Exercise: Pictures in the material below are to be left out, and only the lines from the line with "anciens de collection" up to and including the line with "Thumbnail Ford Ranger" are to be written out exactly.

Records supplied:
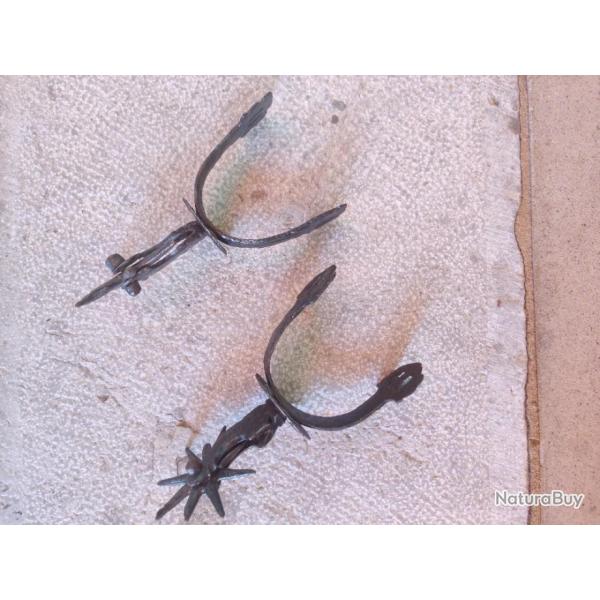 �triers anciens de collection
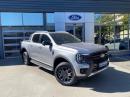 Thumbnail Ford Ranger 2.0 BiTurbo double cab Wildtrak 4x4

* * *

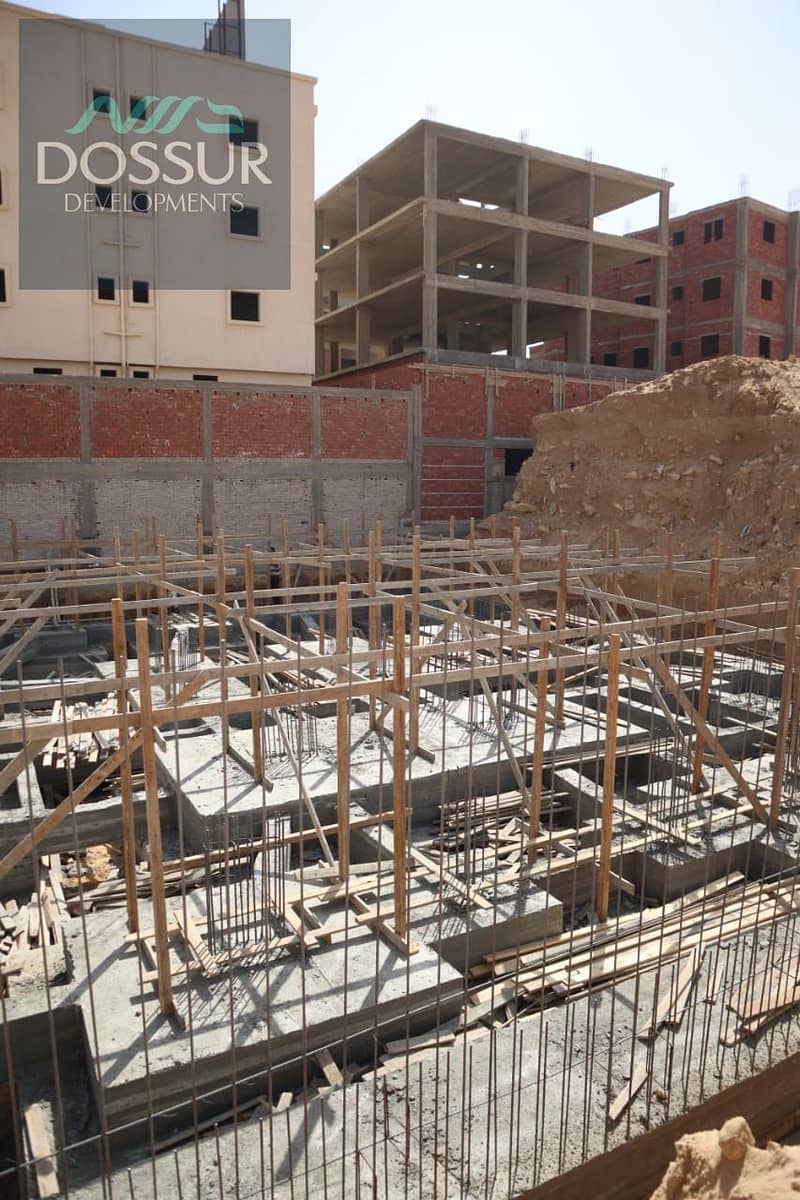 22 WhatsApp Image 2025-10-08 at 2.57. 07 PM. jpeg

Output of the exercise:
 �triers anciens de collection
 Thumbnail Ford Ranger 2.0 BiTurbo double cab Wildtrak 4x4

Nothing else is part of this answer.